A separate segment should have preemptively explained that wage increases offset manageable inflation. I know that this was part of the main body, but this is not clear enough for the reactive “buzzwords” group.
I agree with you 90% of the time, Jim, but not on this one. Gmcguire has it right; the American public and the entire world is sick of the Fed manipulating the value of our money. It’s the world reserve currency, clearly it needs to be stable and not treated capriciously. Inflation can stop a recovery as quickly as it started it. We need to remember history and not repeat the lesson of the 70s. People won’t be as receptive to Volker’s measures to end inflation this time around.
Just what an unemployed and foreclosed upon public needs: higher prices. Great.
gmcguire, 1% long-term inflation is a bad record, you say? In comparison to what? If you look at the U.S. nineteenth century, pre-Fed, the record shows huge swings in prices, largely depending on the boom and bust of the business cycle and the state of global commodity supply. Commodity prices as a whole fell for 33 years to 1897 because the world was seeing a massive expansion of commodity production (Australia and Argentine wheat, for example.) Gold and silver supply increased during the period but not enough to match global increase in economic activity in all periods and for all sectors of the economy. We finished the century with hard currency scarcity alternating with hard currency abundance and frequent financial crises. That’s the situation that led to the creation of the Fed. All I see suggests that the world is headed into a period of where increasing gold production gets harder and gold mining gets more expensive. It’s a lousy time to think about gold as currency.
Jacques, my error and now corrected. The $3.5 trillion is the interest paid on all U.S. debt–government, consumer, and corporate. U.S. government interest payments were $414 billion according to the U.S.Treasury.
comparing 3% US inflation to zimbabwe is like a farmer facing a drought not wishing for rain because he’s afraid of a flood. INflation is not the same as hyper-inflation.
Guys, good grief. You need to read the entire rationale, not single sentences.
Reasons 8&9:
“the U.S. national debt was $14.1 trillion”…
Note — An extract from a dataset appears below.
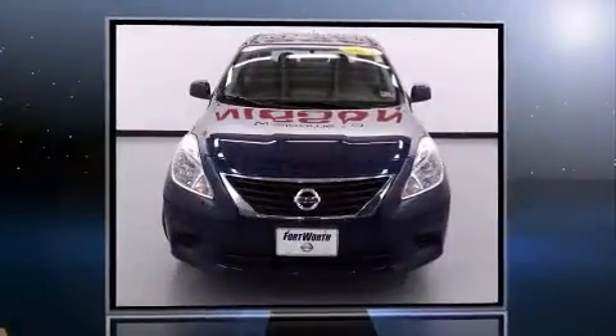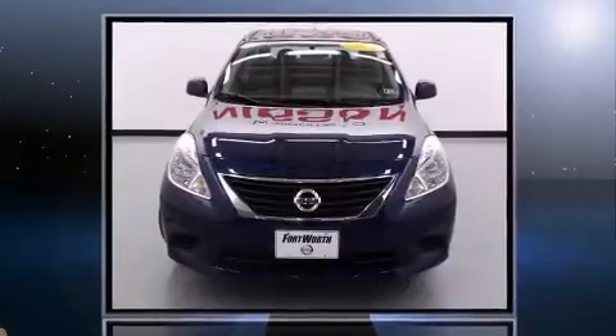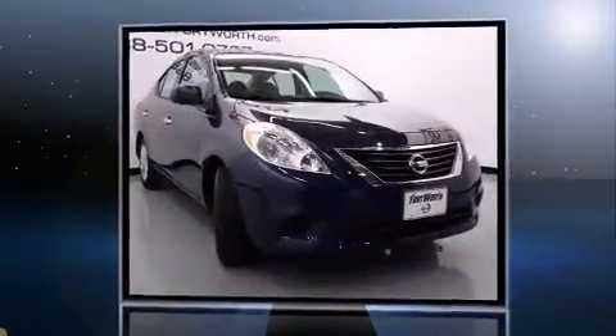The 2014 Nissan Versa, with less than 2,000 miles on the odometer. This four-door sedan prioritizes comfort, safety, and convenience.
“.. the interest on the U.S. national debt comes to just $3.5 trillion a year.”
That makes for a 25% interest rate, isn’t it ?
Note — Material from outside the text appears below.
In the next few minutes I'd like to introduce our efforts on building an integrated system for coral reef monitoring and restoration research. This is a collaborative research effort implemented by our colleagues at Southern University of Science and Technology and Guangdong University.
A digit must be wrong, or did I miss something ?
Also, how would react the foreign creditors who own a big chunck of that debt (half of it?), when they see that the country tries to deflate its debt on their back ? Wouldn’t they want higher yields ? Would they stop lending alltogether and precipitate some crisis already seen elsewhere ?
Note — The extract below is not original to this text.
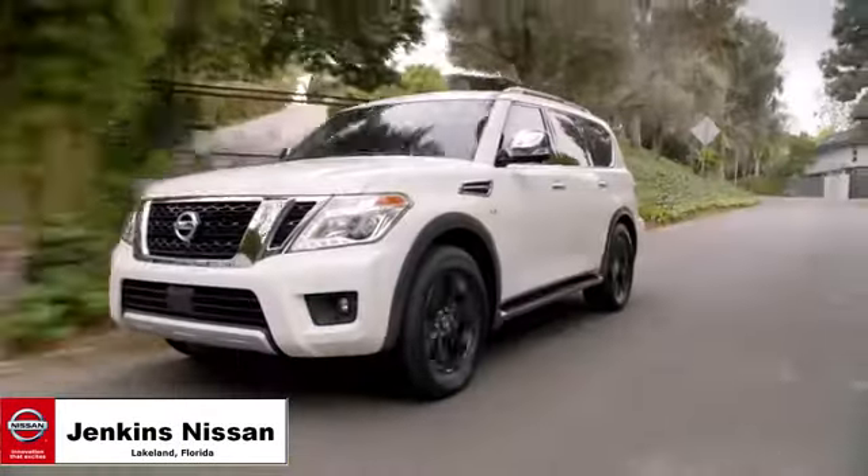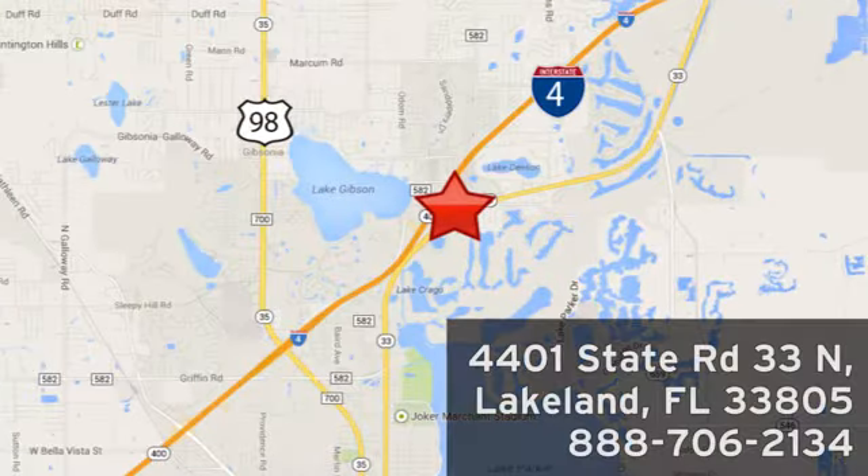Jenkins Nissan, where the deals are real. Or visit us in person at 4401 State Road 33 North in Lakeland, Florida.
If inflation is good, why isn’t Zimbabwe the richest country in the world? Do its citizens “feel richer”?
I always admire your insights, Mr. Jubek, but inflation is a actual tax that even the least who can afford the tax must pay. In the 98 years since the Federal Reserve was foisted upon a financially unenlightened populace this country has seen massive inflation — funny enough it is about 98% since 1913, averaging about 1% for each year the Federal Reserve has manipulated our fiat currency.
So I have to argue that inflation has NO merits, nor does deflation. This country needs sound money based on a real value not under the control of a privately held bank that operates by hiding behind non-accountability and non-access to its secretive manipulations, i. e. The Federal Reserve.
The Federal Reserve’s contrived inflation makes no one “feel richer”; to the contrary it causes higher wages to match the higher costs of goods and services which in turn increases income taxes. BUT INFLATION IS JUST FUNNY MONEY used for a game in which no one wins.
We need to demand the game be changed to have an accountable sound money system if this country and its citizens are to prosper. Then people might be able to “feel richer”.
I’m SHOCKED that such uniform misconstruction would result. SHOCKED.
The obvious point of the article was that, relative to deflation (the primary boogyman the last 2.5 years), inflation is preferred. Perhaps Jim could have (and maybe should have) stressed that fact a little more, though frankly it seemed pretty clear to me. And it is obvious that he’s not talking about 1979 style hyper inflation, he’s talking about 3-4% annual inflation, the kind that has been around the last ten or 20 years.
Yes, many of the decisions we make as economic actors are not entirely rational- they’re based on a distorted perception of our unique personal circumstances, such as a 3% raise (that everyone appreciates) in a 4% inlationary economy (which many of us don’t recognize) feels better than a 0 raise in a 0% inflationary economy. What is indisputable is both feel better than a lost job in a 3% deflationary economy, as demand drops, capacity outraces demand, and gets whacked as a result. Duh.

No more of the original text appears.